Harish  Barapatre; Vishal Santosh  Barguje; Pratiksha Shreesahil  Vacche; Abhishek Vilas  Chaudhari

doi:10.29121/ijoest.v10.i2.2026.755

Authors

Dr. Harish Barapatre Associate Professor, Department of Computer Engineering, Yadavrao Tasgaonkar Institute of Engineering and Technology, Bhivpuri Road Karjat, Maharashtra 410201, India
Vishal Santosh Barguje Student, Department of Computer Engineering, Yadavrao Tasgaonkar Institute of Engineering and Technology, Bhivpuri Road Karjat, Maharashtra 410201, India
Pratiksha Shreesahil Vacche Student, Department of Computer Engineering, Yadavrao Tasgaonkar Institute of Engineering and Technology, Bhivpuri Road Karjat, Maharashtra 410201, India
Abhishek Vilas Chaudhari Student, Department of Computer Engineering, Yadavrao Tasgaonkar Institute of Engineering and Technology, Bhivpuri Road Karjat, Maharashtra 410201, India

DOI:

https://doi.org/10.29121/ijoest.v10.i2.2026.755

Keywords:

Emotion Recognition, Music Recommendation System, Affective Computing, Machine Learning, Human-Computer Interaction, Adaptive Systems

Abstract

Emotion plays a critical role in human–music interaction, influencing listening behavior, mood regulation, and cognitive engagement. Existing music recommendation systems, such as those used in Spotify and Apple Music, primarily rely on historical user preferences, collaborative filtering, or genre-based classification, which fail to capture the dynamic and real-time emotional states of users. This limitation results in suboptimal personalization and reduced user satisfaction.
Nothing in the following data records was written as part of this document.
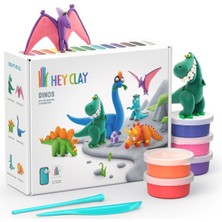 Clay Dinozorlar Seti - Çocuklar Için Hava ile Kuruyan ve Şekil Alan Kil - 15 Kutu Kil Seti ve Şekillendirme Aletleri - 5-7 Yaş Çocuklar Için Dinozor Oyuncakları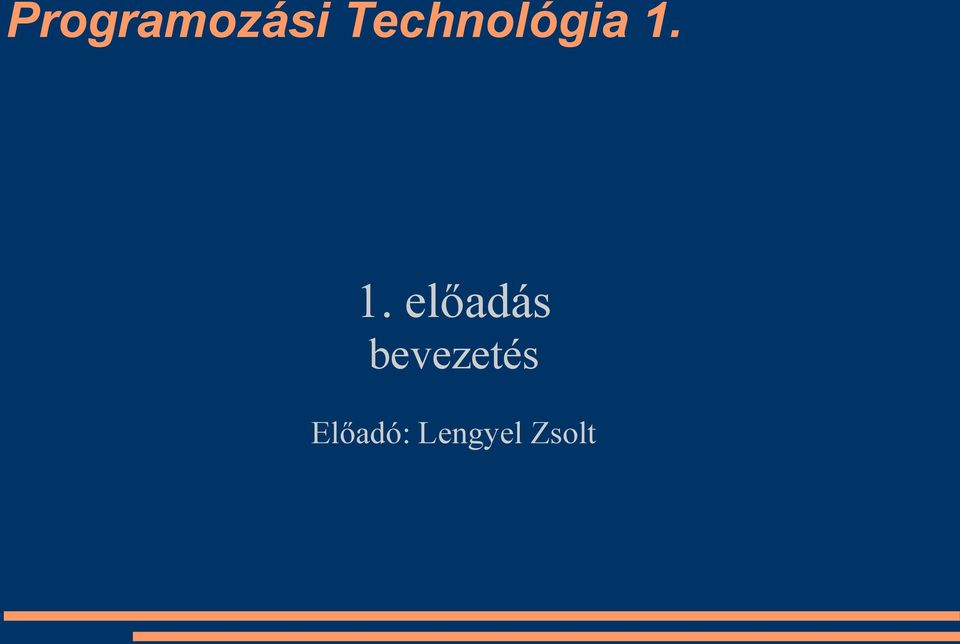 1. előadás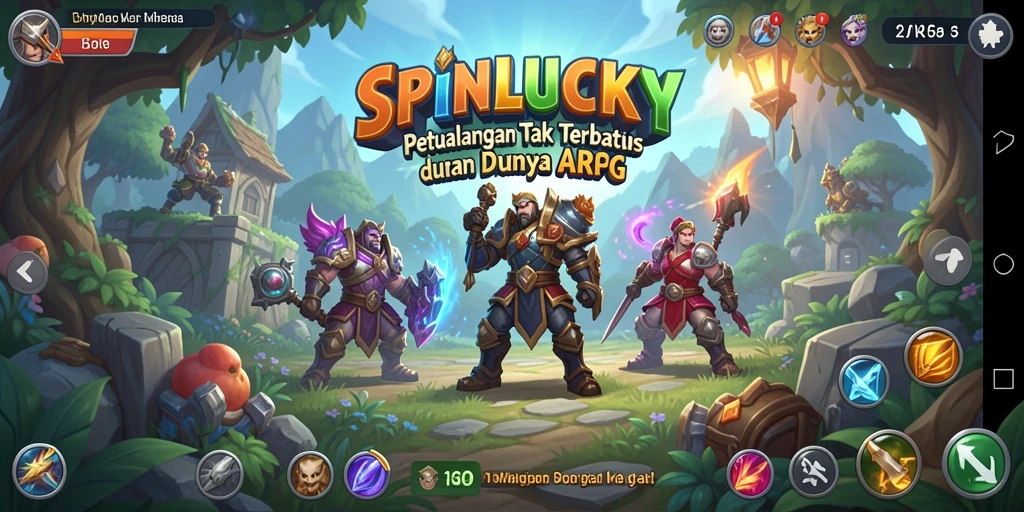 Tangkapan layar gameplay dari SPINLUCKY menampilkan pertarungan seru di dunia ARPG.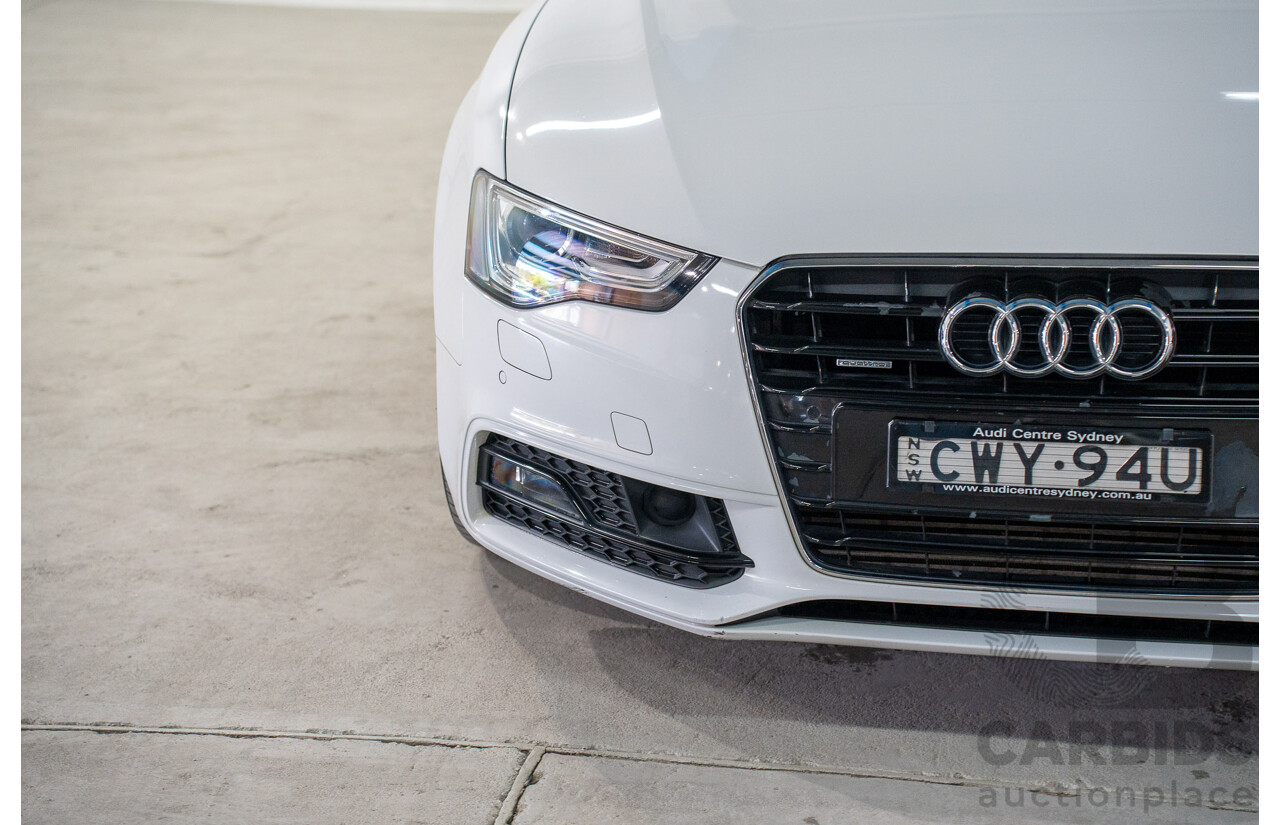 11/2014 Audi A5 3.0 TDI Quattro (AWD) S-Line Package 8T MY14 2d Cabriolet White Turbo Diesel 3.0L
This paper proposes an Emotion-Aware Adaptive Music Recommendation System that integrates real-time affective state detection with intelligent music mapping. The framework utilizes multimodal inputs such as facial expressions, textual sentiment, or physiological cues to infer user emotions and dynamically adjust music recommendations. A structured pipeline is designed to process emotional signals, compute emotion intensity scores, and map them to suitable music features such as tempo, genre, and energy levels.

Unlike traditional systems, the proposed approach emphasizes context-aware personalization, enabling continuous adaptation to changing user emotions. The system is conceptualized with a mathematically grounded scoring mechanism and an interpretable decision layer to ensure transparency and robustness. The proposed framework contributes to the advancement of affective computing in entertainment systems and provides a foundation for next-generation intelligent media platforms.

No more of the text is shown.